Dataset entries >>
>>>

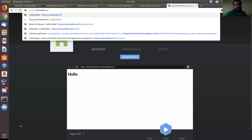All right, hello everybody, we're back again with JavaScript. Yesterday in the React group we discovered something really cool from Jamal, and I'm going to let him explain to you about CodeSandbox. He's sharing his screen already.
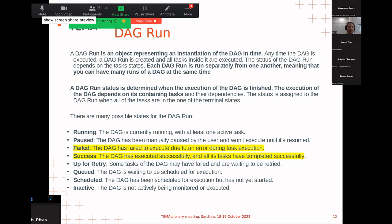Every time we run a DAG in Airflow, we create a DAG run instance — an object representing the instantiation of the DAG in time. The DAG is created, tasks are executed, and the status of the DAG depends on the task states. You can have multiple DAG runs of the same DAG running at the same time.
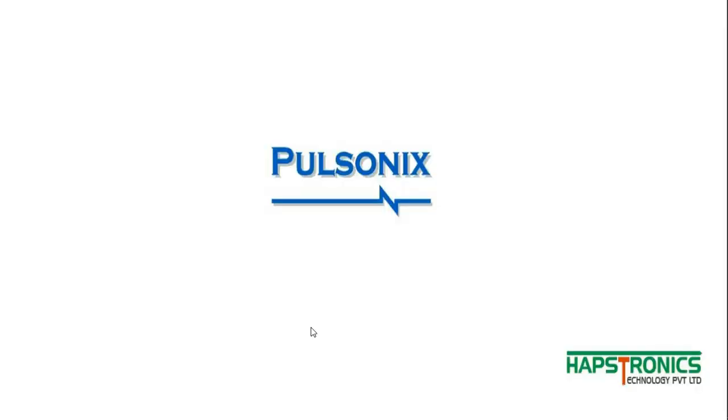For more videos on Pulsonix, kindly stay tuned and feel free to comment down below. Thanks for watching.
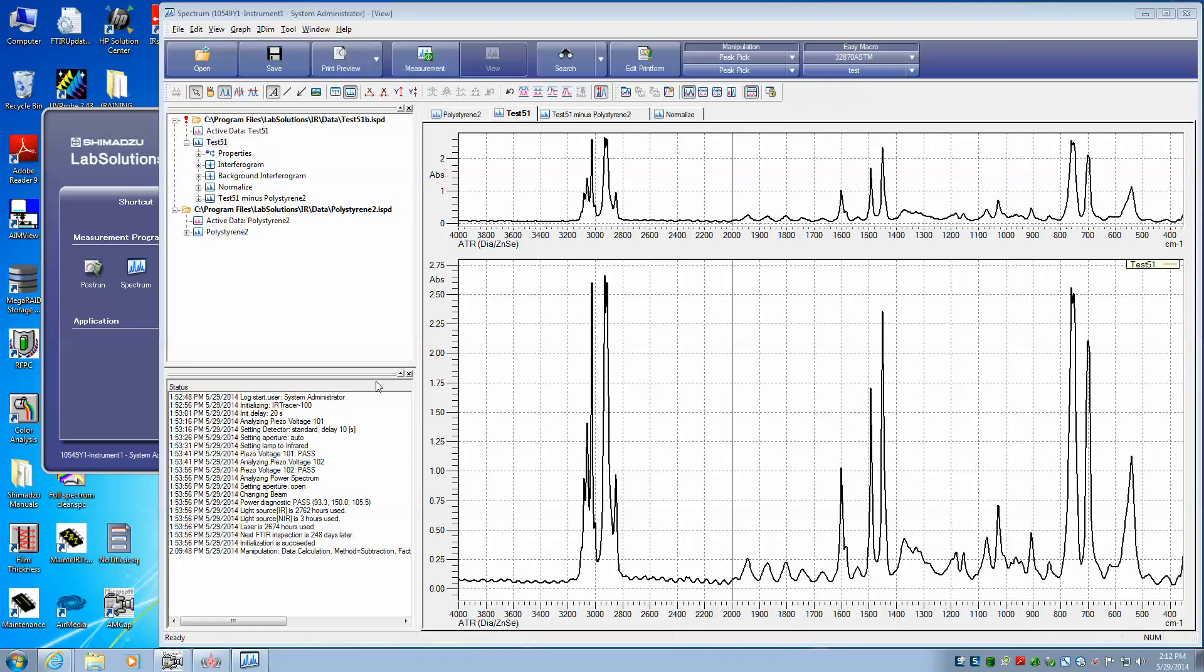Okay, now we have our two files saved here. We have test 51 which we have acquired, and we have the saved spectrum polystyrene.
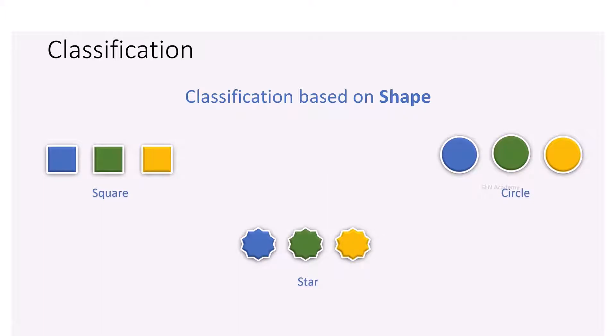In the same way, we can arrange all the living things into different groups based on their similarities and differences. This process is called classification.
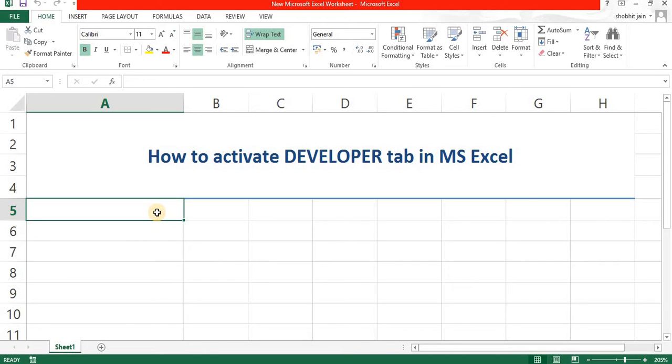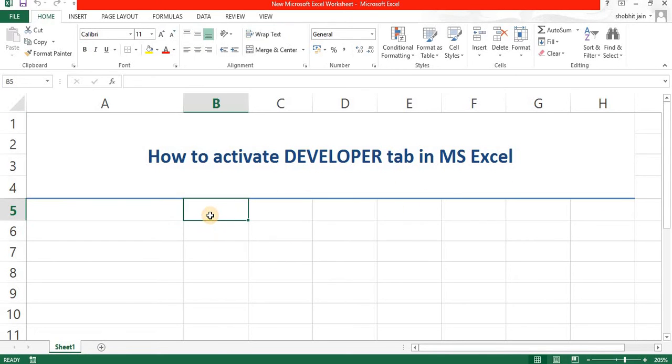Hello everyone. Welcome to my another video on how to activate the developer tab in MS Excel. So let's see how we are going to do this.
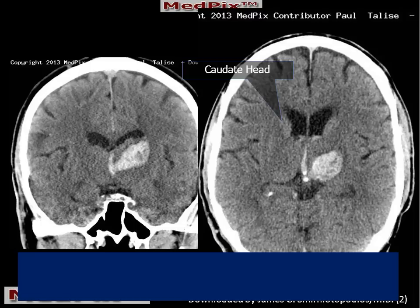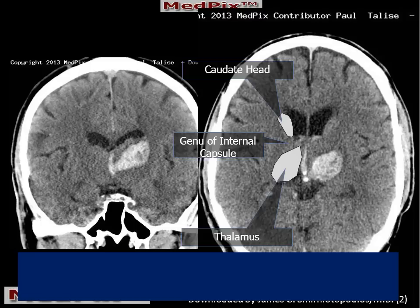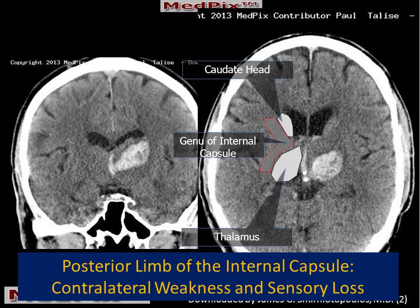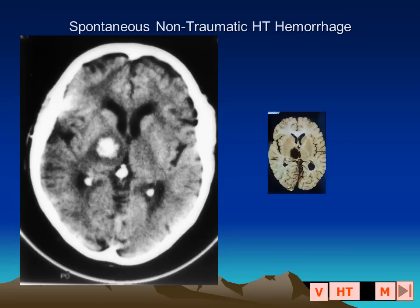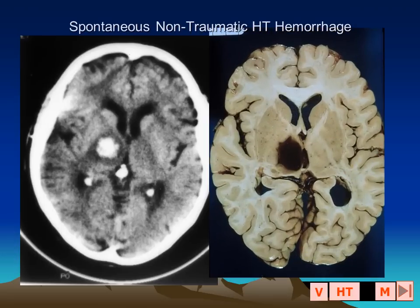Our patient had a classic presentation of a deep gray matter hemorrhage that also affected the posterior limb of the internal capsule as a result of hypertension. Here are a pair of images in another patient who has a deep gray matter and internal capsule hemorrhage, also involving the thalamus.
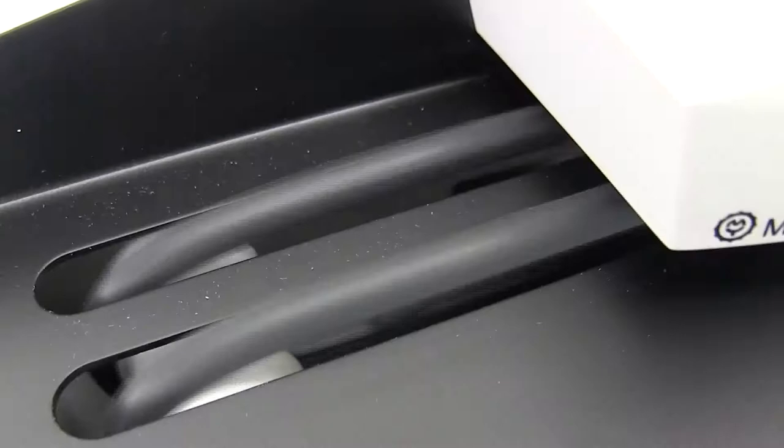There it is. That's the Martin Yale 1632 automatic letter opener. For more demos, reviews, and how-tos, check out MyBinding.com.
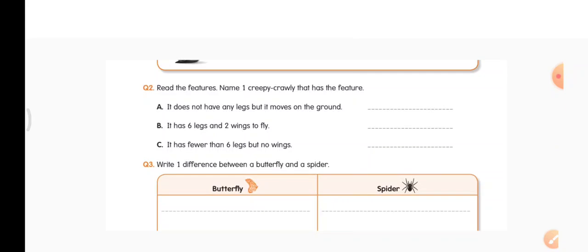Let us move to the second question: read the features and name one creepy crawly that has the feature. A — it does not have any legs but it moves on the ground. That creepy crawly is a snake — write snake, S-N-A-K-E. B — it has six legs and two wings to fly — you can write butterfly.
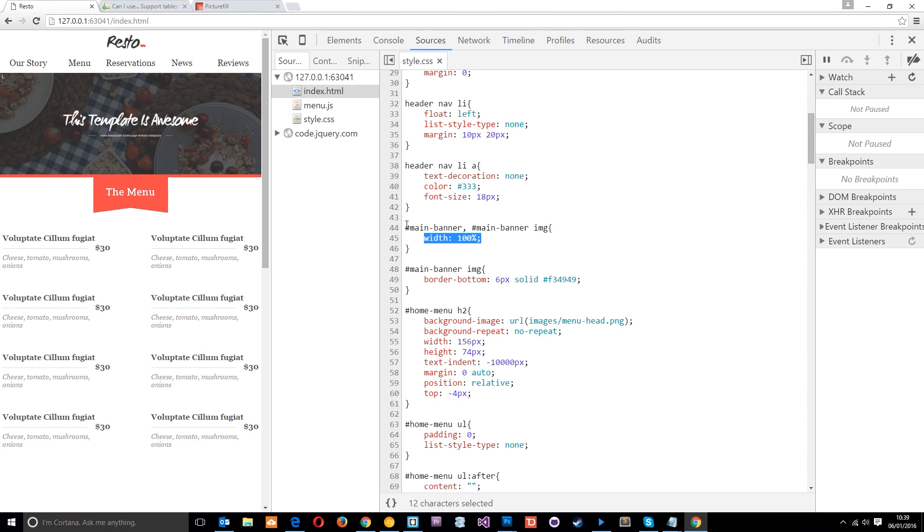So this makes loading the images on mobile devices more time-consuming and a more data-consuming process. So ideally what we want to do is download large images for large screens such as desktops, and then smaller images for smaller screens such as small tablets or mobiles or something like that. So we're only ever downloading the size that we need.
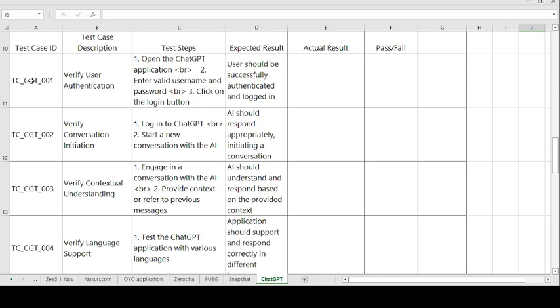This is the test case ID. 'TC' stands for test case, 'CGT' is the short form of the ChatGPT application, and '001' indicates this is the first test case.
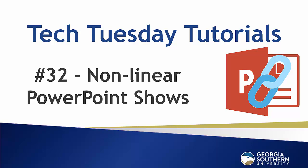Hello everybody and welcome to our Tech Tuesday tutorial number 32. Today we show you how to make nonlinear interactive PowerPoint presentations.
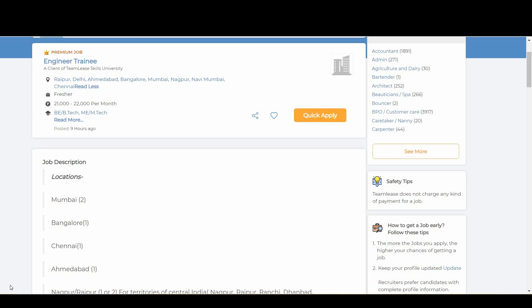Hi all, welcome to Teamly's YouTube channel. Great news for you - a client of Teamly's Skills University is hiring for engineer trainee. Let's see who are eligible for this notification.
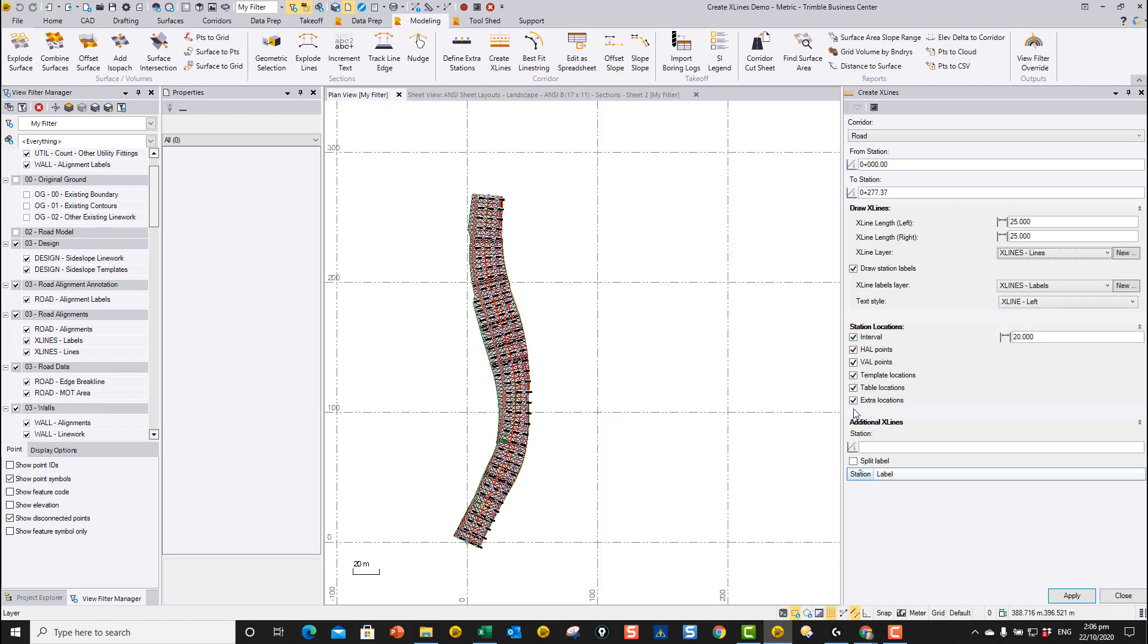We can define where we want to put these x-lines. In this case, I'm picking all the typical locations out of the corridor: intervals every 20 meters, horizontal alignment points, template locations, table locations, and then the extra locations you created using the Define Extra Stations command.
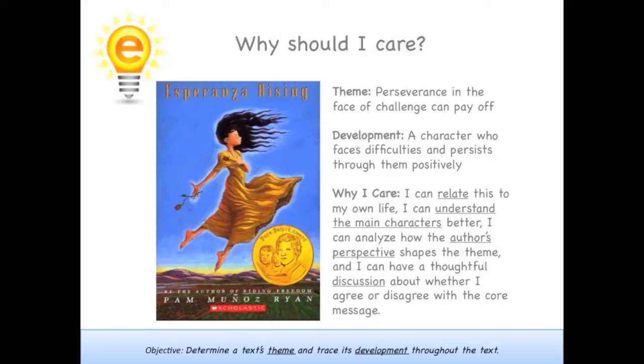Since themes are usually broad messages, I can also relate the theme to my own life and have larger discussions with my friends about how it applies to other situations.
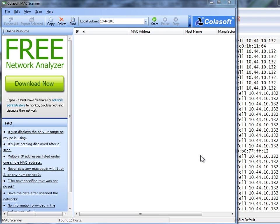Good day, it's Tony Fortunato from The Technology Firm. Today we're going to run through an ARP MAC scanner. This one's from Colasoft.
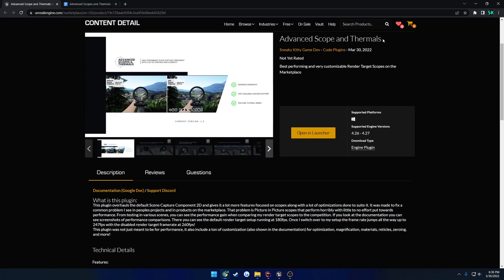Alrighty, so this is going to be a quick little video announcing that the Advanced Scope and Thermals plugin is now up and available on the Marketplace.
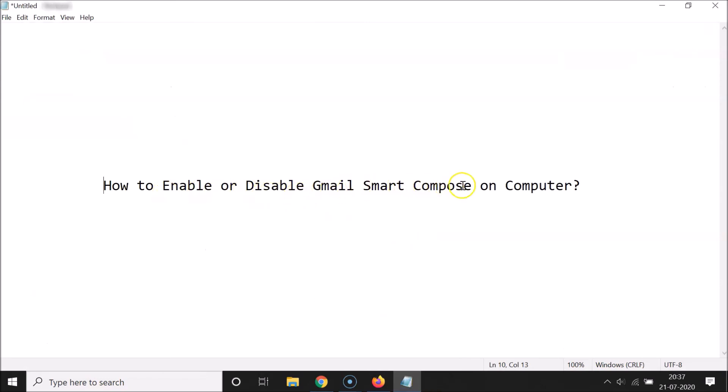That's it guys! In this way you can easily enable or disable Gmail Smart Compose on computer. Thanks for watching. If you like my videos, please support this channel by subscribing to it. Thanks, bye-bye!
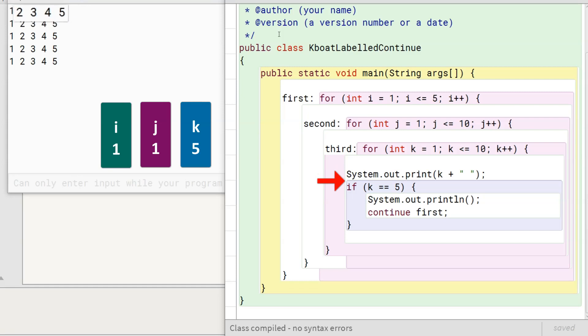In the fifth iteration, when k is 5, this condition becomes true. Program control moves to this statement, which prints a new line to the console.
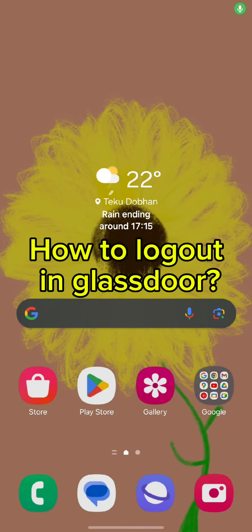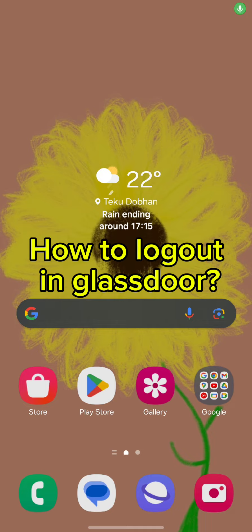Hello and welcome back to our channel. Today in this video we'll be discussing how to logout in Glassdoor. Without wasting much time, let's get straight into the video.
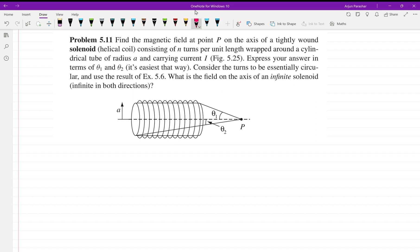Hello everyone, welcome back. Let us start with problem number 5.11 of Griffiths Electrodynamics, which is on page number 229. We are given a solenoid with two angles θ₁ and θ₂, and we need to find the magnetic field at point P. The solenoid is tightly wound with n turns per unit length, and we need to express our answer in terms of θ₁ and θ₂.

<<<

Work required >>
Your copy should consist only of the lines from the line holding "Alrighty, so this" through the final line of the listing above, both included, with all pictures omitted.

Written solution >>
Alrighty, so this is going to be a quick little video announcing that the Advanced Scope and Thermals plugin is now up and available on the Marketplace.
That's it guys! In this way you can easily enable or disable Gmail Smart Compose on computer. Thanks for watching. If you like my videos, please support this channel by subscribing to it. Thanks, bye-bye!
In the fifth iteration, when k is 5, this condition becomes true. Program control moves to this statement, which prints a new line to the console.
Hello and welcome back to our channel. Today in this video we'll be discussing how to logout in Glassdoor. Without wasting much time, let's get straight into the video.
Hello everyone, welcome back. Let us start with problem number 5.11 of Griffiths Electrodynamics, which is on page number 229. We are given a solenoid with two angles θ₁ and θ₂, and we need to find the magnetic field at point P. The solenoid is tightly wound with n turns per unit length, and we need to express our answer in terms of θ₁ and θ₂.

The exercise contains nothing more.